I would like to know if i made a mistake or if the feature is not available for Dask Kubernetes ?
There is no difference between Dask Kubernetes and any other Dask deployment mechanism. So it’s likely a problem with their use of Dask Distributed, rather than anything Kubernetes specific.
It would help to see a code example of what the user is trying to do.
I am almost sure the code of the student notebook is far from optimized (you are right). It’s why i wanted to use a pod with enougth memory for is jhub session and it would work (during the time to review the code). However I try to know if the parameter direct_to_workers is supposed to work with a dask client using a Kubernetes Cluster configuration ?
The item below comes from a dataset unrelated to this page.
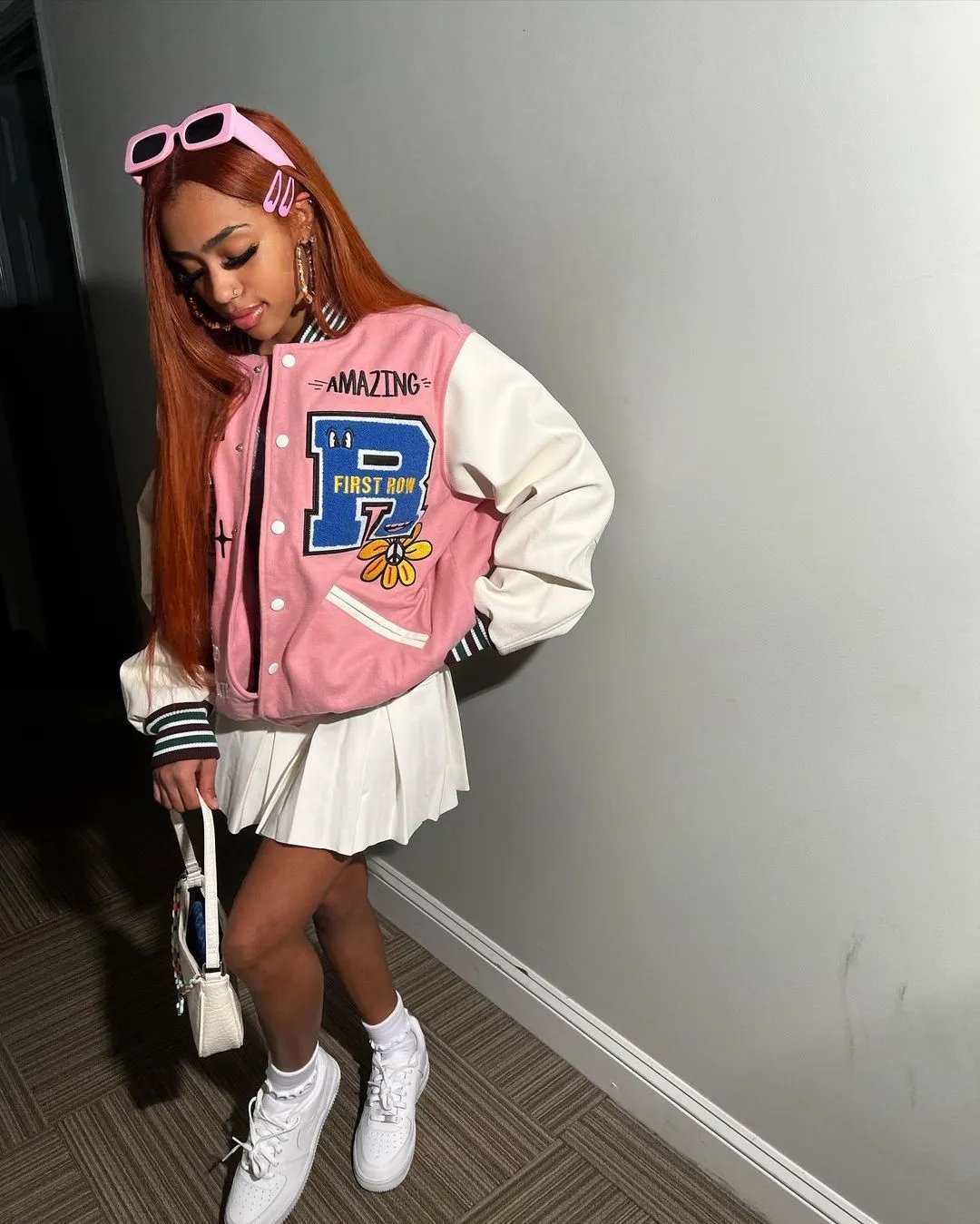 Oversized Varsity Baseball Jacket Woman Women's Oversized Varsity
@Hugo54 is a colleague of mine at CNES, we were testing an OVH cloud deployment with some (non optimized and complex) user code, performing a huge gather at some point. Even using direct=True kwarg in gather (or so we were told), we were seing a Scheduler pod restart due to memory. We supposed at some point that this kwarg was not working, maybe because of networking complexity in K8S preventing the Jupyter user pod to directly access Dask workers.
However, I found time to try a much simpler example with Dask latest.py3.12 docker images:
from dask_kubernetes.operator import KubeCluster
from dask.distributed import Client
import numpy as np
cluster = KubeCluster(
namespace="dask-operator",
image='ghcr.io/dask/dask:latest-py3.12',
name="test-direct",
n_workers=4,
resources={
"requests": {
"cpu": "1",
"memory": "2Gi"
},
"limits": {
"cpu": "1",
"memory": "2Gi"
}
}
)
client = cluster.get_client()
# Build some consequent Numpy array
def create_numpy():
return np.random.random((10000, 10000))
futures = [client.submit(create_numpy, pure=False) for _ in range(6)]
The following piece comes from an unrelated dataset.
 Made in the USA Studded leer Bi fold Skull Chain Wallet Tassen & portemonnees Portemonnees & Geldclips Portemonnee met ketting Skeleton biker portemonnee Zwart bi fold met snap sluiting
results = client.gather(futures, direct=True) #Works
results = client.gather(futures) #Network error due to scheduler pod restarting
This example seems to indicate that, at least with latest versions, direct=True kwarg works well with Dask Kubernetes.
If the Jupyter Pod is in the same Kubernetes cluster as the Dask cluster then there’s no reason why it shouldn’t be able to connect directly to the workers. Unless some network policy is restricting it. But in that case I would expect to see errors.